Records from a data source:
====================

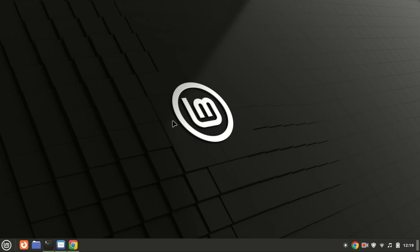Hey everyone, welcome back to our channel. Today, I'm going to show you how to install PHP on Ubuntu 22.04. Whether you're setting up a web server or just want to run PHP scripts locally, this guide will walk you through each step. Let's get started.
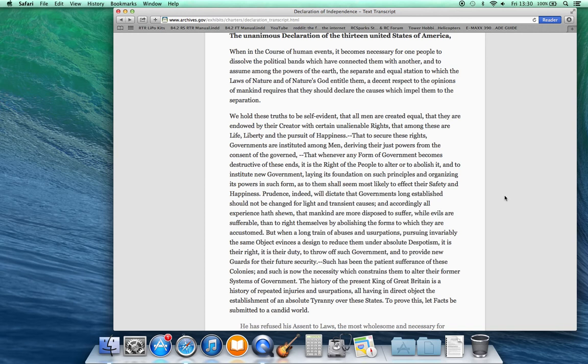Prudence indeed will dictate that governments long established should not be changed for light and transient causes, and accordingly all experience hath shown that mankind are more disposed to suffer while evils are sufferable than to right themselves by abolishing the forms to which they are accustomed. But when a long train of abuses and usurpations, pursuing invariably the same object, evinces a design to reduce them under absolute despotism, it is their right, it is their duty to throw off such government and to provide new guards for their future security.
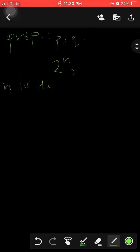For example, let our propositions be p and q. In this example we have two propositions. We use the formula two to the power of n, where n is the number of propositions.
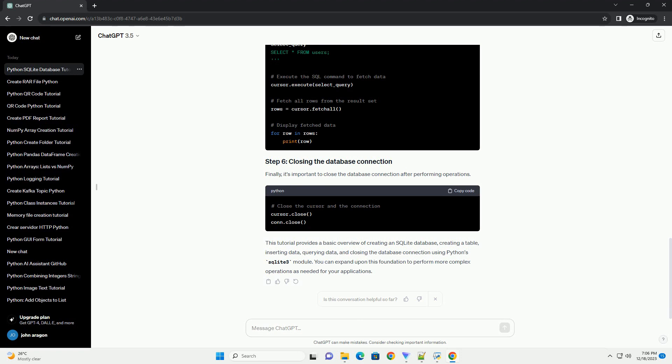Python's SQLite 3 module provides a straightforward way to work with SQLite databases. It comes pre-installed with Python, so no additional installation is needed.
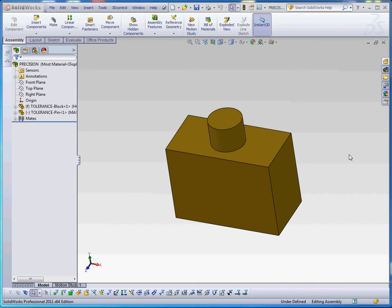Hello, welcome, thank you for joining me. This is our third video in our series on geometric dimension and tolerancing.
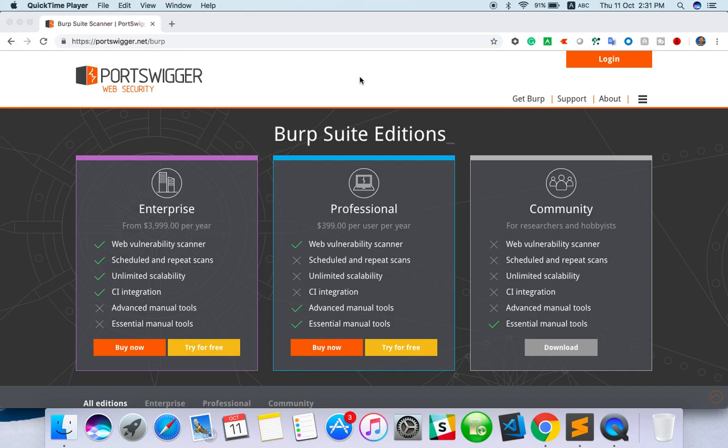Hello everyone, welcome to TechQA channel. In this video we are going to see about web security testing tool or mobile security testing tool called Burp Suite. Today we are going to cover the proxy feature.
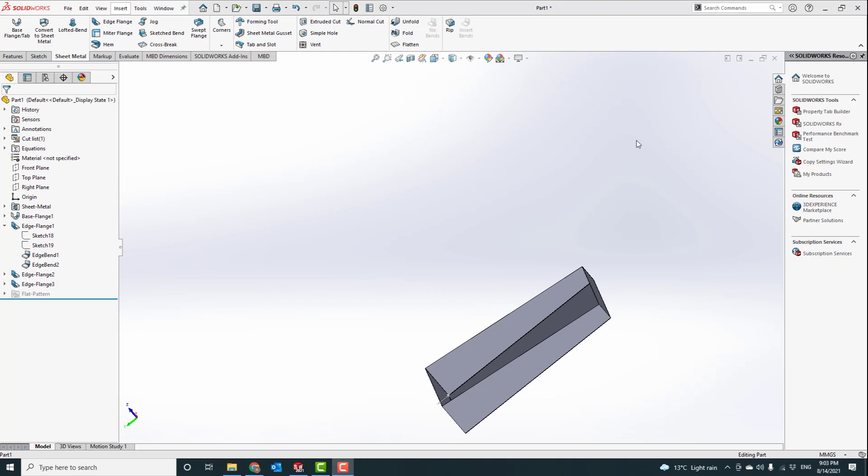Thank you very much for watching. Please watch the next video to see how the miter flanges work, and we will do some examples on miter flanges.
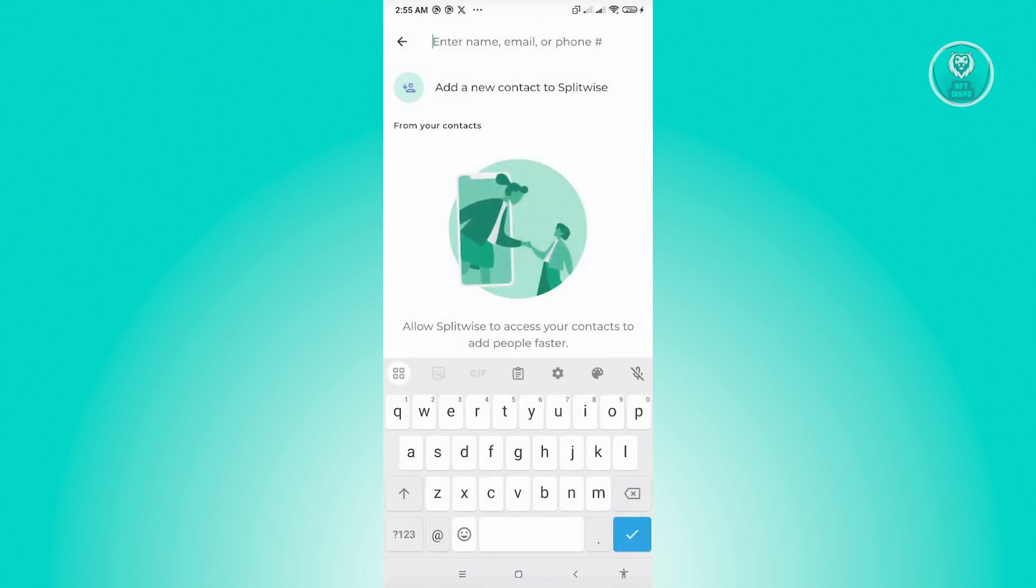And from here, you could enter the email address or the name or even the phone number of the person that you want to add.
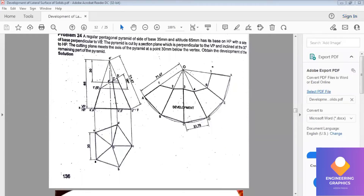In this problem we have to construct a rectangular pyramid of dimension 35 and height 65, resting on HP with a side of the base perpendicular to VP. The pyramid is cut by a section plane which is perpendicular to VP and inclined at 30 degrees to HP. The cutting plane meets the axis at a point 30 mm below the vertex. We have to draw an angle line for 30 degrees and draw the development of the remaining part of the pyramid.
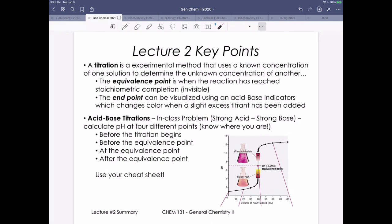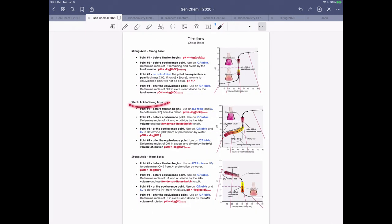That wraps up our second lecture in this chapter on complex ionic equilibria. In our next lecture, we'll continue with titrations but move on to a weak acid, strong base titration.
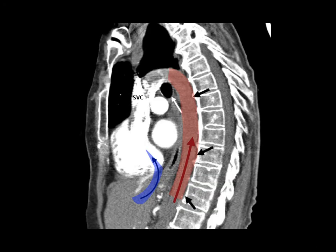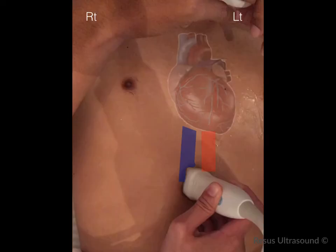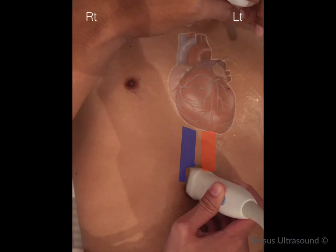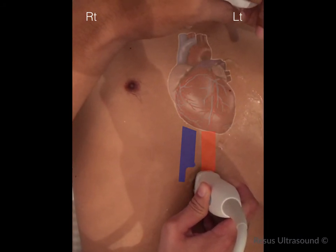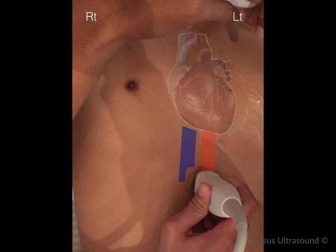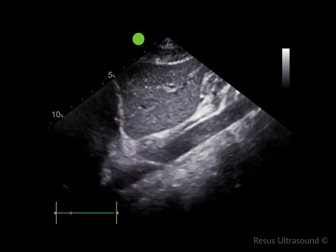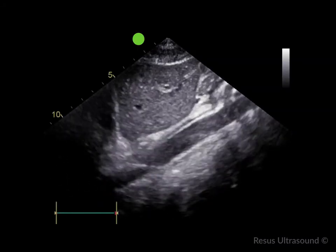Pitfall one: don't confuse the IVC with the aorta. In the sagittal plane, the IVC goes up to the RA while the aorta points down toward the patient's back. If you move the probe from right to left, you can see the aorta, which is pulsatile and has a thick white wall pointing downward toward the patient's back.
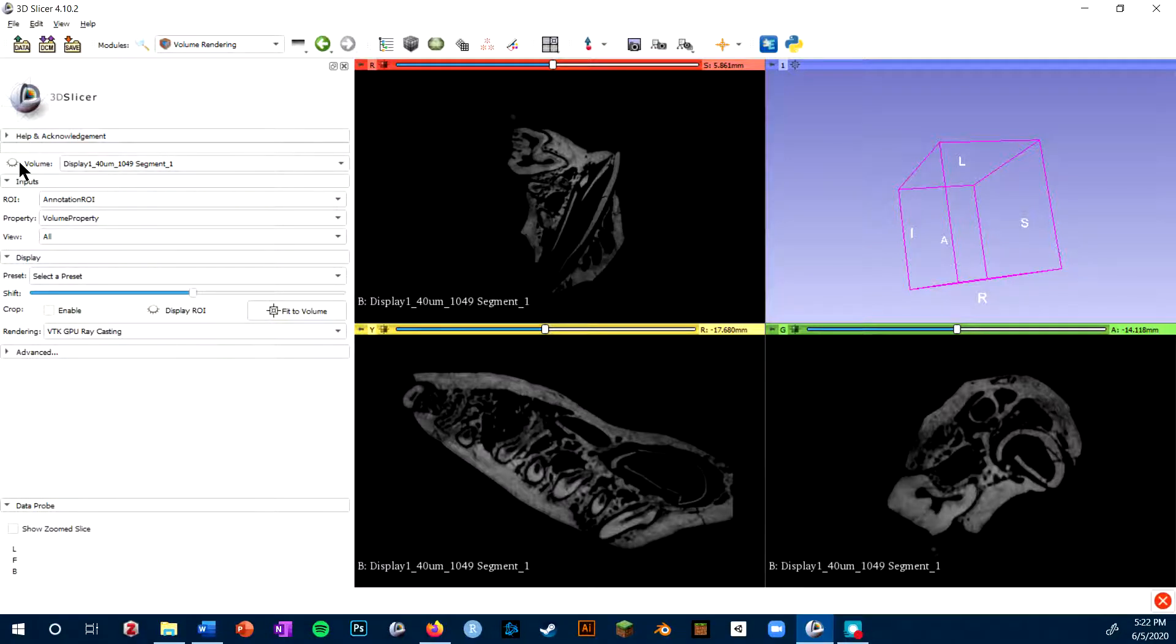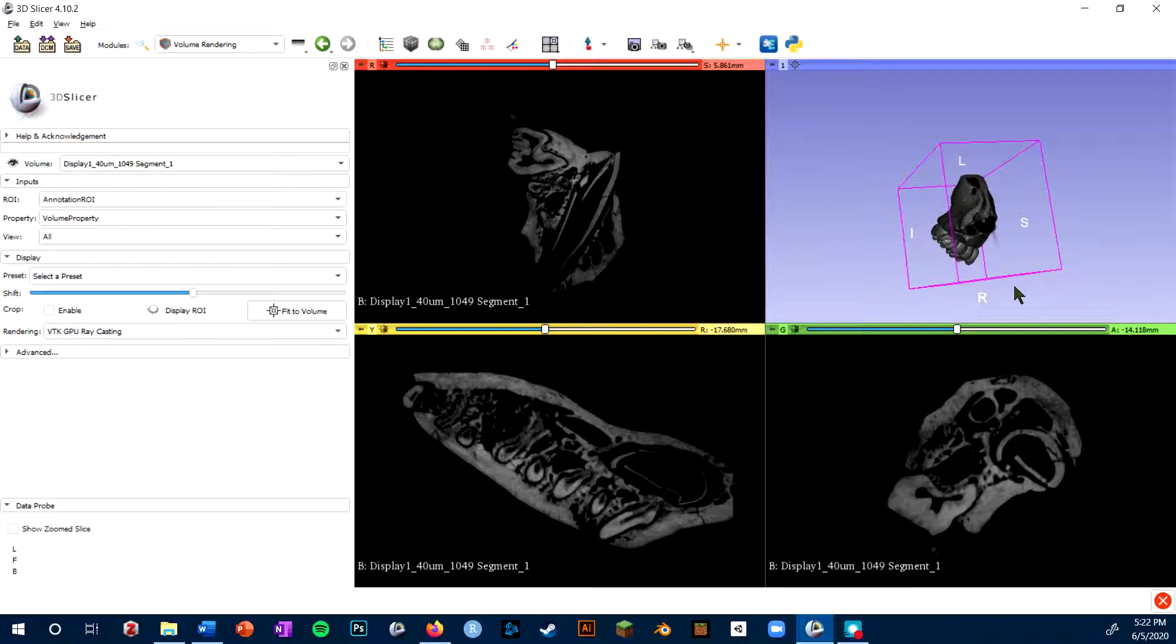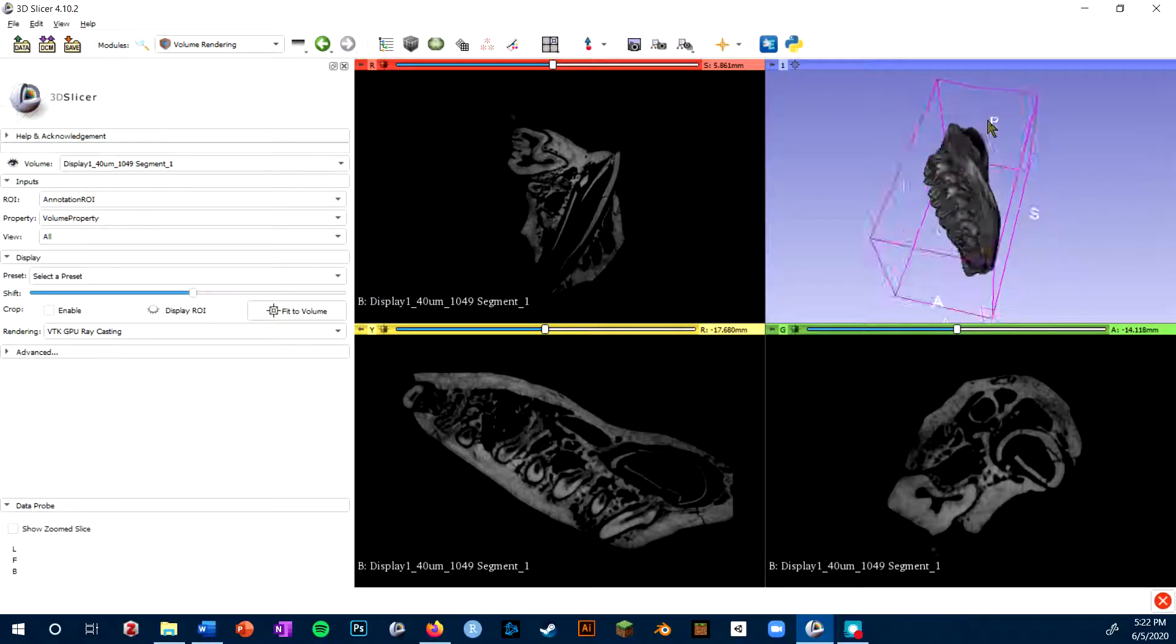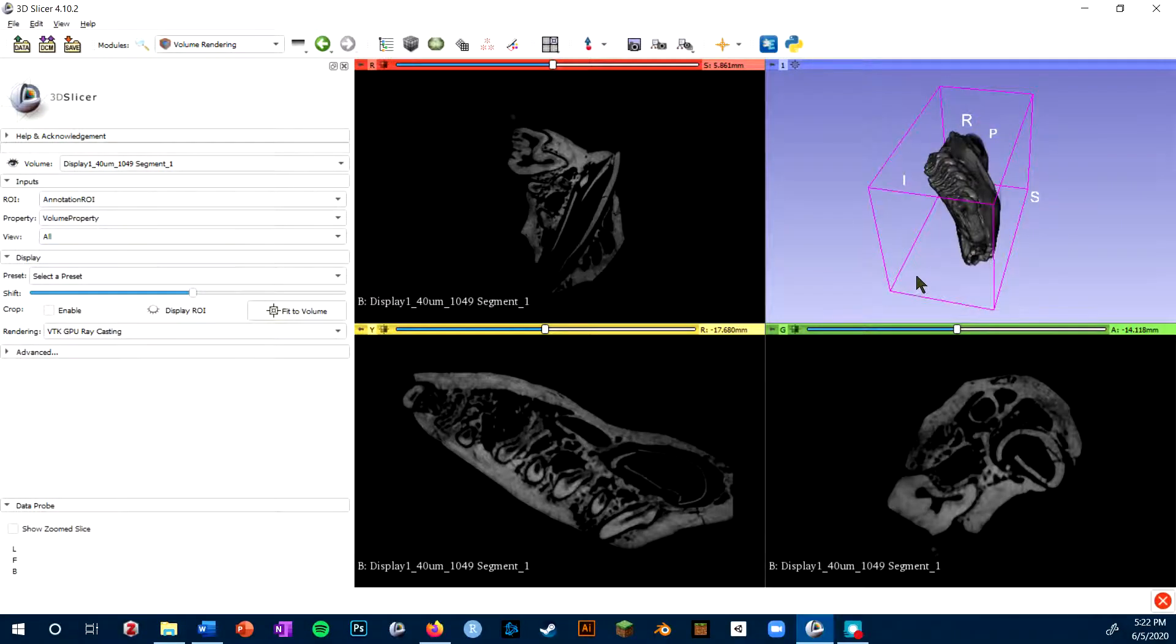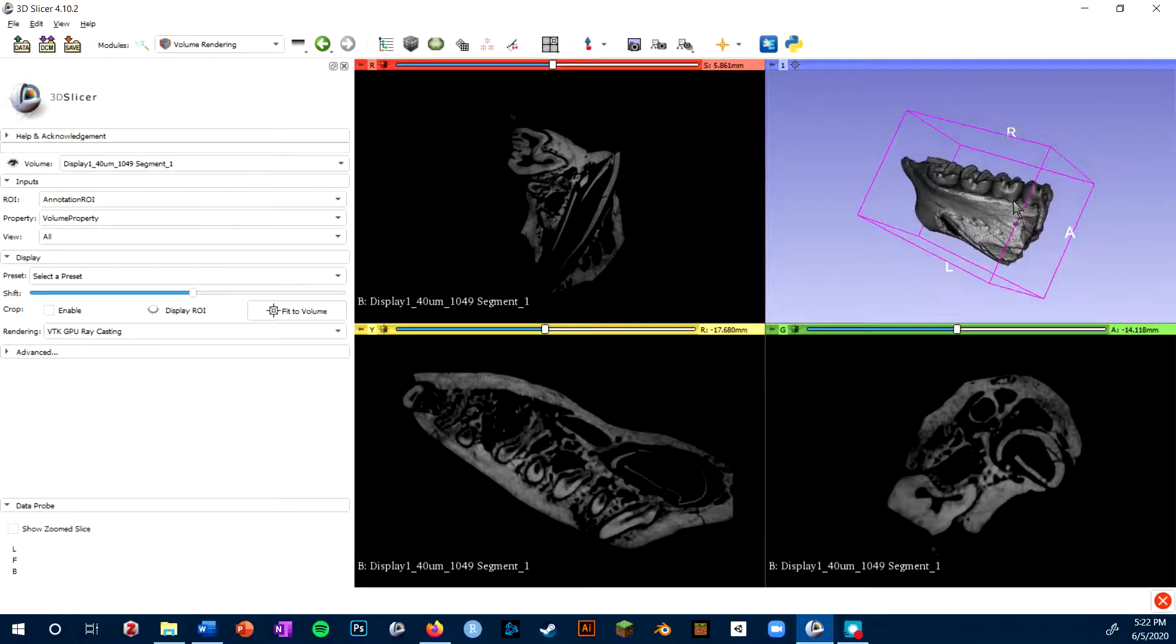Next, you will just click the eyeball next to the volume. That will make your volume appear in this 3D viewport.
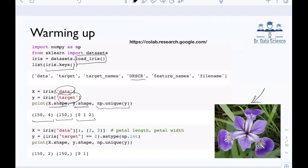In order to make this problem simpler so we can visualize everything, I'm going to work with only two of the features — indices two and three, which are petal length and width. I'm also going to convert this from a three-class problem into a binary classification by checking whether each target value equals two. If it does, the result is true, which converts to one as an integer; otherwise I get zero. Looking at the shapes and np.unique confirms we now have a binary classification problem.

====================

Task details – What is needed is an exact copy of only the lines above from the one with "In this problem" to the one with "Next, you will", both kept, with every picture left out.

Answer section –
In this problem we have to construct a rectangular pyramid of dimension 35 and height 65, resting on HP with a side of the base perpendicular to VP. The pyramid is cut by a section plane which is perpendicular to VP and inclined at 30 degrees to HP. The cutting plane meets the axis at a point 30 mm below the vertex. We have to draw an angle line for 30 degrees and draw the development of the remaining part of the pyramid.
That wraps up our second lecture in this chapter on complex ionic equilibria. In our next lecture, we'll continue with titrations but move on to a weak acid, strong base titration.
Pitfall one: don't confuse the IVC with the aorta. In the sagittal plane, the IVC goes up to the RA while the aorta points down toward the patient's back. If you move the probe from right to left, you can see the aorta, which is pulsatile and has a thick white wall pointing downward toward the patient's back.
Next, you will just click the eyeball next to the volume. That will make your volume appear in this 3D viewport.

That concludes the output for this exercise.